This problem is intentionally framework-free: a label-smoothed cross-entropy is just JAX. nnx adds nothing here, and that’s the teaching point: not everything in the training stack needs to be framework-aware.

The math

For logits z of shape (N, K) and integer labels y of shape (N,):

target_n = (1 - α) * one_hot(y_n, K) + α / K
log_p_n  = log_softmax(z_n)
loss_n   = -sum_k target_n[k] * log_p_n[k]
loss     = mean(loss_n)

Equivalently:

loss_n = (1 - α) * (-log_p_n[y_n]) + α * (-mean_k log_p_n[k])

The two forms are mathematically identical; the first is what most code looks like.

Why `log_softmax` instead of `log(softmax(...))`?

log_softmax is numerically stable: under the hood it subtracts the max logit before exponentiating, avoiding overflow. The naive composition can produce log(0) = -inf when one logit dominates. Always use jax.nn.log_softmax, never jnp.log(jax.nn.softmax(...)).

Edge cases

α = 0: standard cross-entropy. Targets are exactly one-hot.
α = 1.0: target is uniform 1/K. Loss is just -mean log p_n[k] regardless of the label, which is essentially a uniform prior — not useful, but well-defined.
The harness passes labels_int as a float tensor; cast with labels_int.astype(jnp.int32) before jax.nn.one_hot.

Common pitfalls

Smoothing the loss instead of the targets. People sometimes add a -α * mean log p term to standard CE, which gives a different (worse) gradient. Smooth the TARGETS.
Using softmax directly without log. Then summing target * log(p) can produce log(0) = -inf. Use log_softmax and skip the explicit log.
Sum vs mean. Per-example loss sums over classes; the batch loss takes the mean over examples.

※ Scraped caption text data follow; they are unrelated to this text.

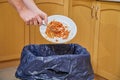 Throwing out wasteful excess food Royalty Free Stock Photo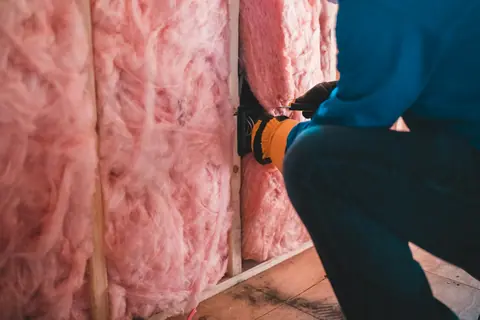 Fiberglass batts installed in a wall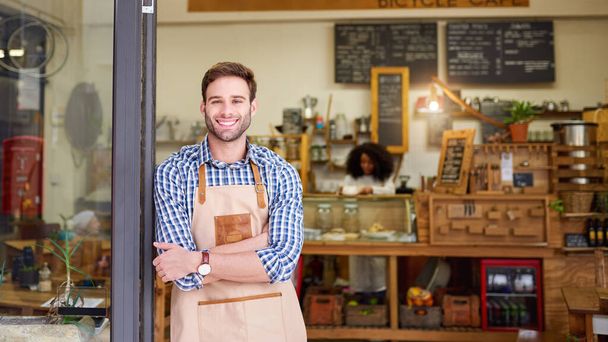 Portret młodego baristy uśmiechającego się i stojącego z skrzyżowanymi rękami, opierającego się na drzwiach modnej kawiarni  - Zdjęcie, obraz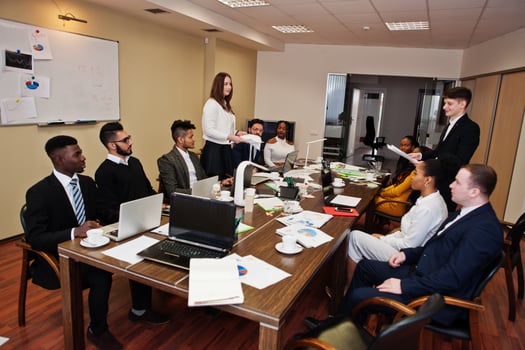 Multiracial business team meeting around boardroom table, two team leaders throw paper up. photo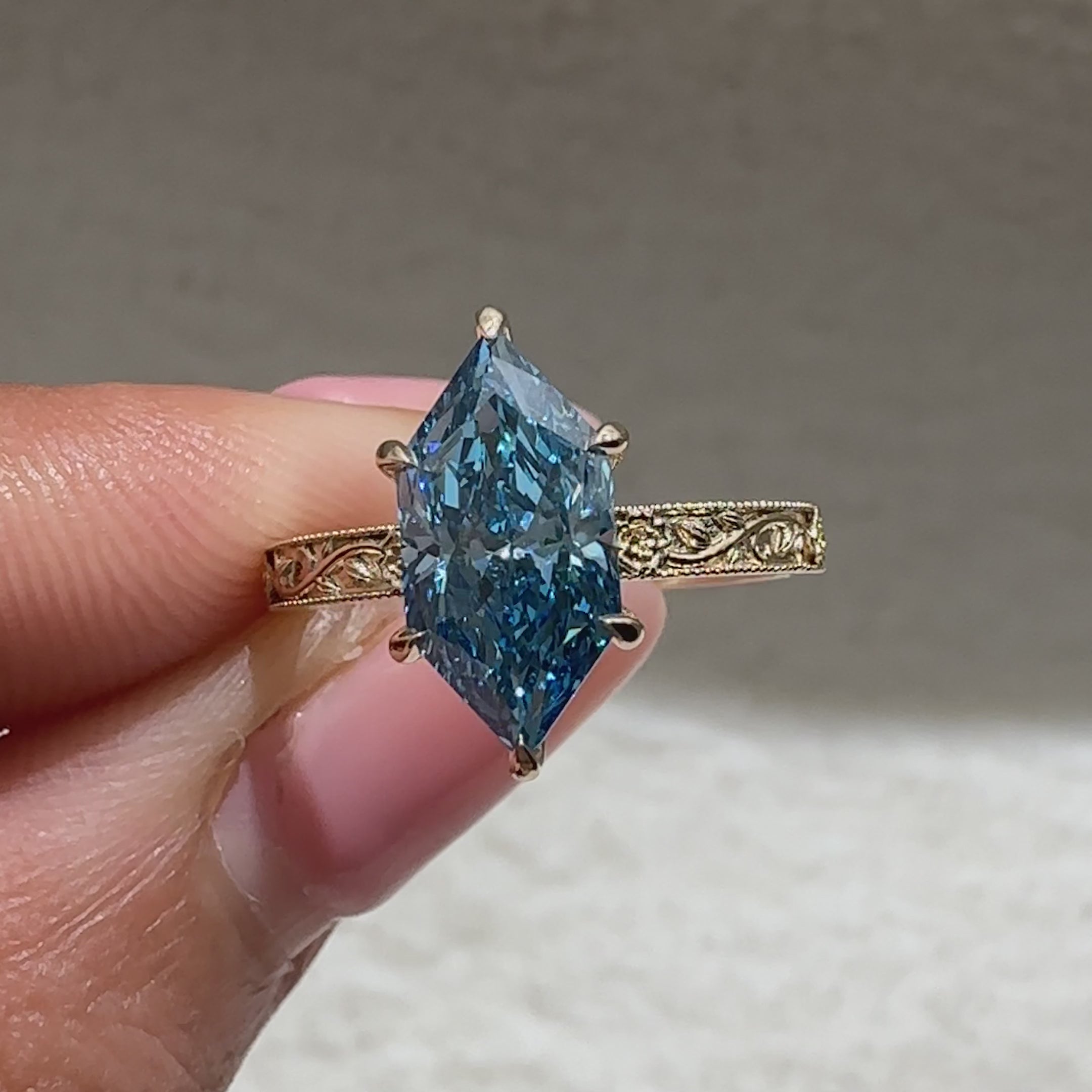 Dutch marquise blue diamond engagement ring with floral details
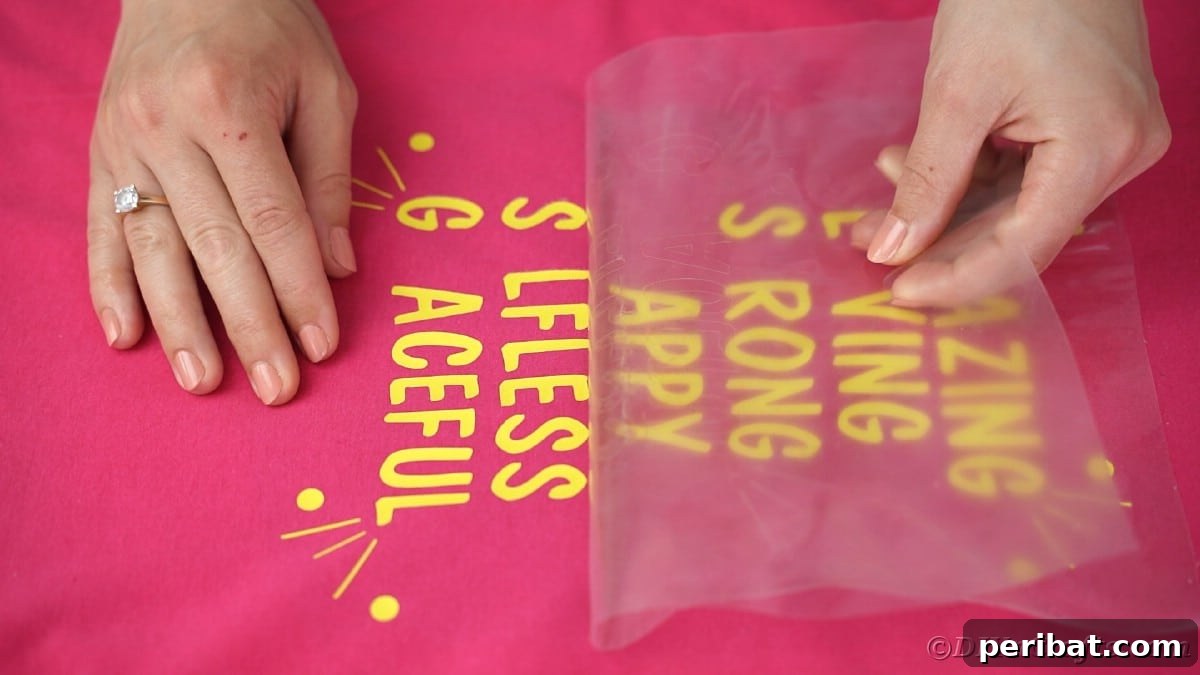 Placing yellow vinyl letters onto a pink t-shirt for the 'Amazing Mom' design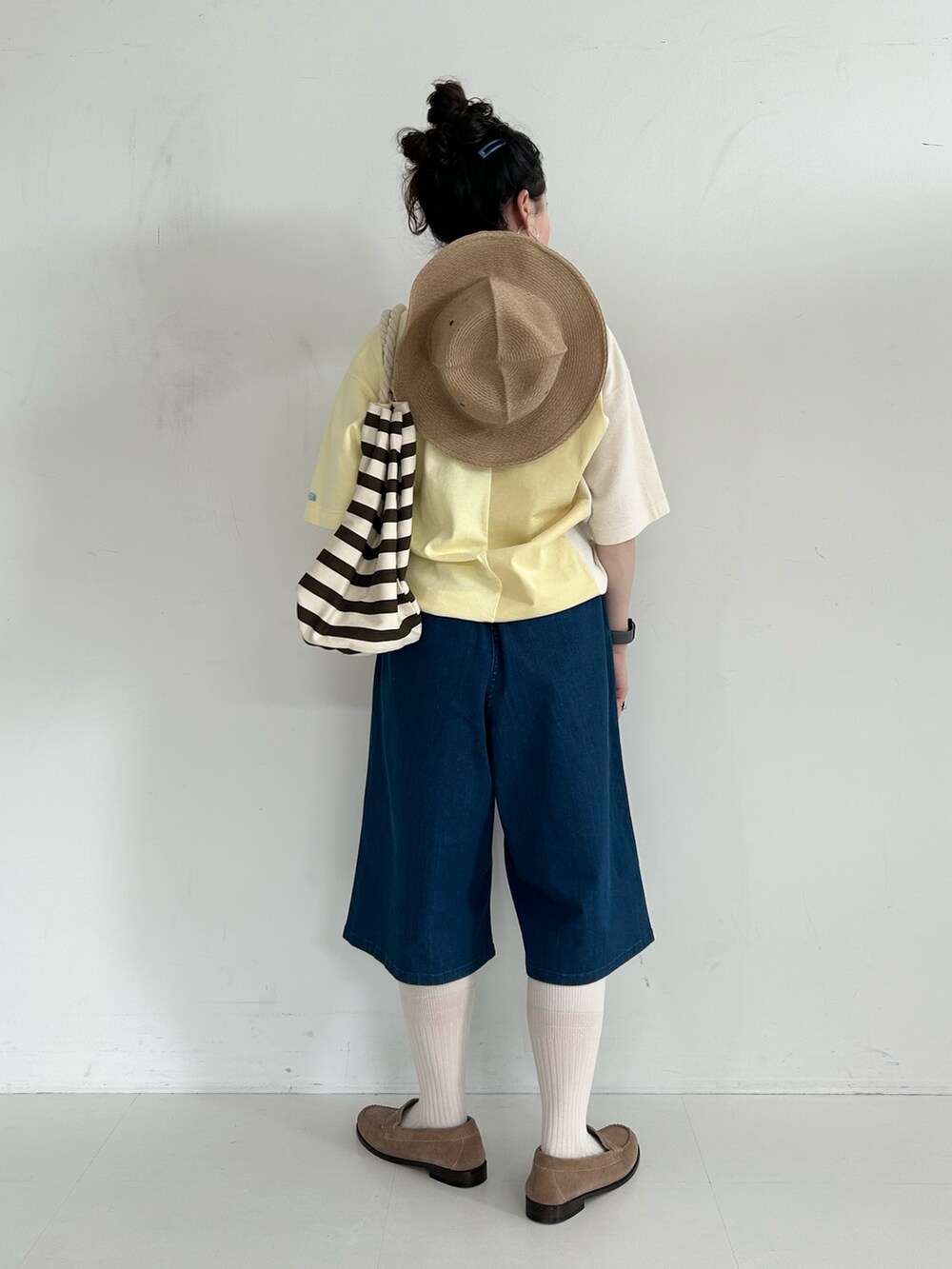 ブラウン系のバックパック/リュック、ブルー系のデニムパンツ、ベージュ系のローファーを着用したレディースの春コーディネートの3枚目の写真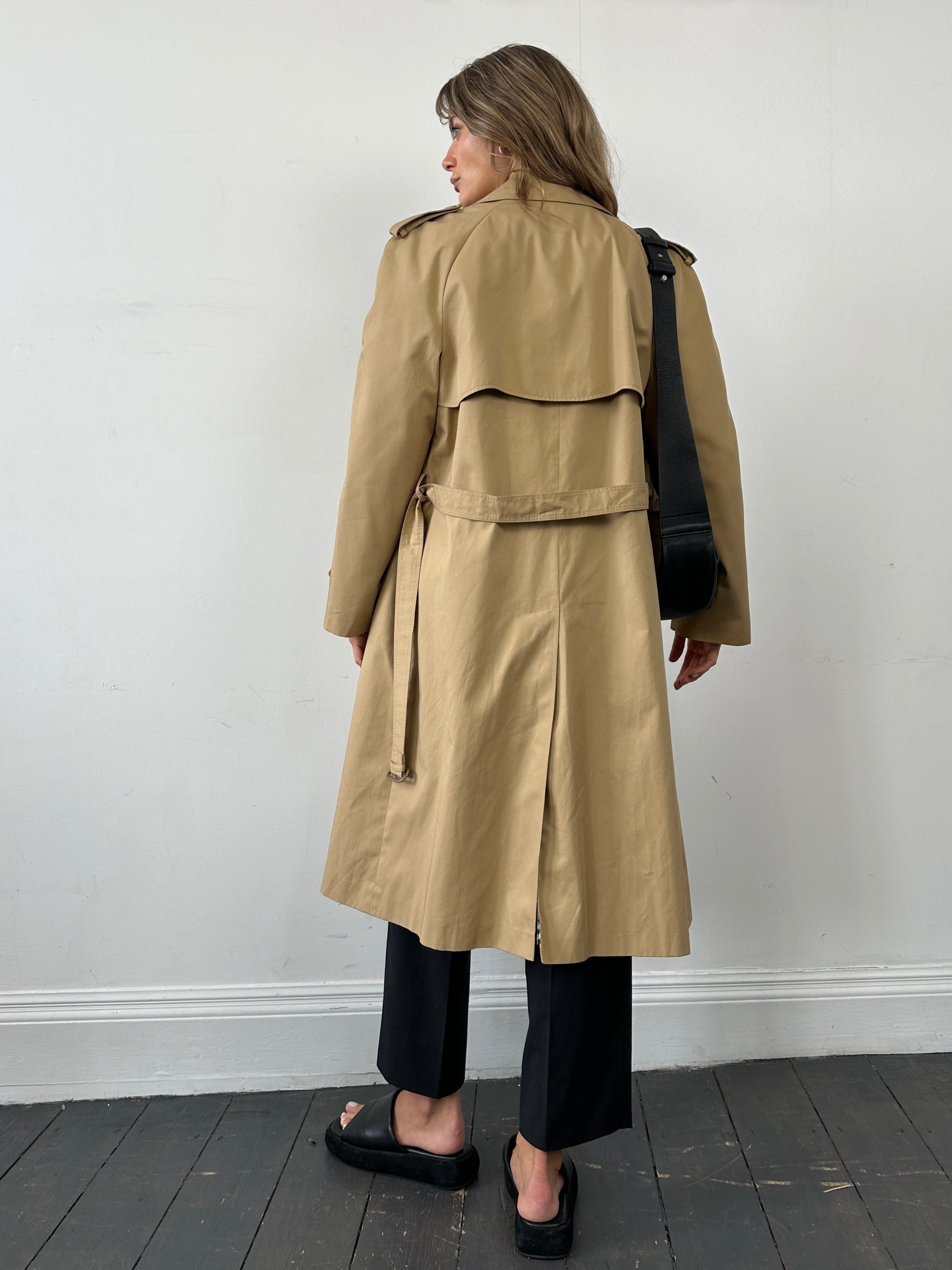 Vintage cotton double-breasted belted trench coat in size L, featuring classic design and timeless style.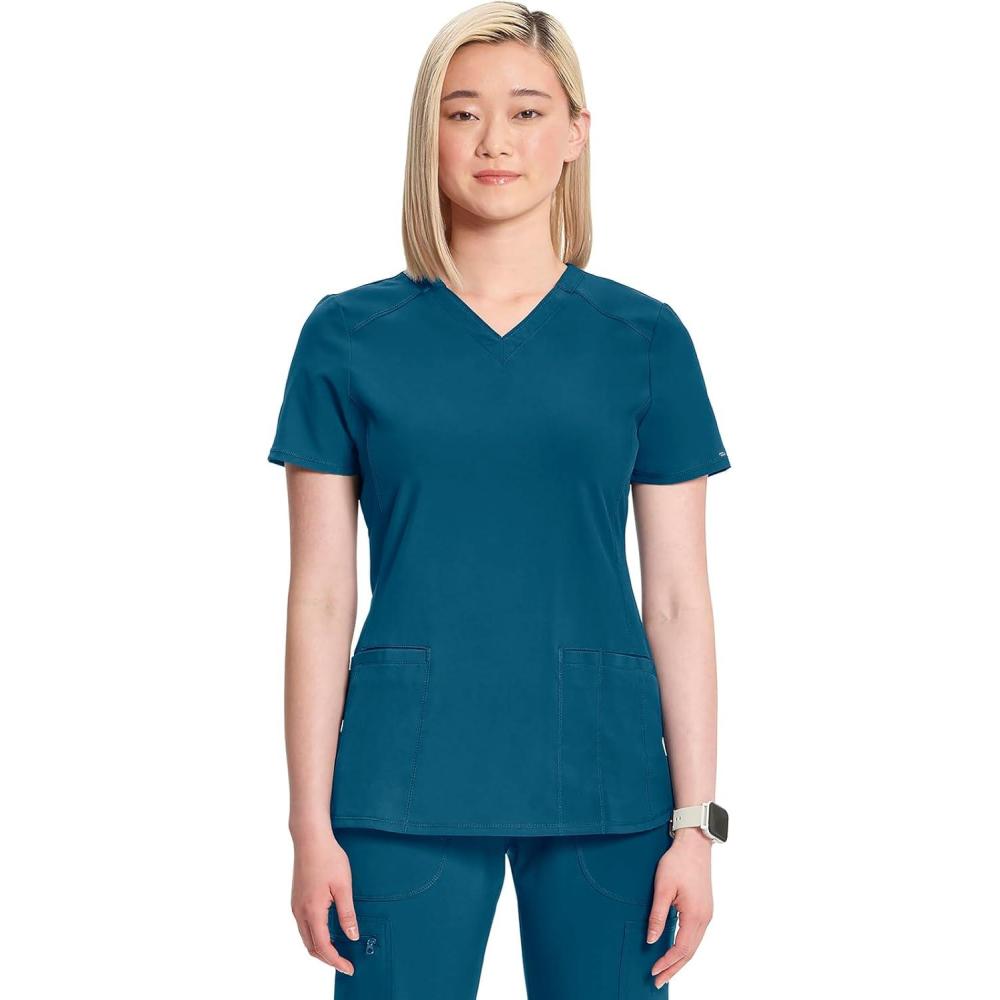 imageCherokee Infinity Womens VNeck Scrub Top Contemporary Fit 2 Pockets RibKnit Insert Side Vents 360 Stretch CK865ACaribbean Blue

Mixing these flips your effective gradient scale.
One-hot dtype mismatch. jax.nn.one_hot(int_labels, K) returns float32 by default — fine for our use, but it does implicitly cast.

Problem

Implement label_smoothing_loss(logits, labels_int, num_classes, alpha):

Cast labels_int to int32, num_classes to int, alpha to float.
one_hot = jax.nn.one_hot(labels, num_classes).
smoothed = (1 - α) * one_hot + α / num_classes.
log_probs = jax.nn.log_softmax(logits, axis=-1).
per_example = -jnp.sum(smoothed * log_probs, axis=-1).
Return jnp.array([float(jnp.mean(per_example))]) as 1-D (1,).

Pure JAX; no nnx model needed.

Inputs:

logits: 2-D (N, K).
labels_int: 1-D (N,), integer class IDs (passed as float, cast to int32).
num_classes: float (cast to int).
alpha: float in [0, 1]. 0 = standard CE.

Output: 1-D (1,) — [mean_label_smoothed_cross_entropy].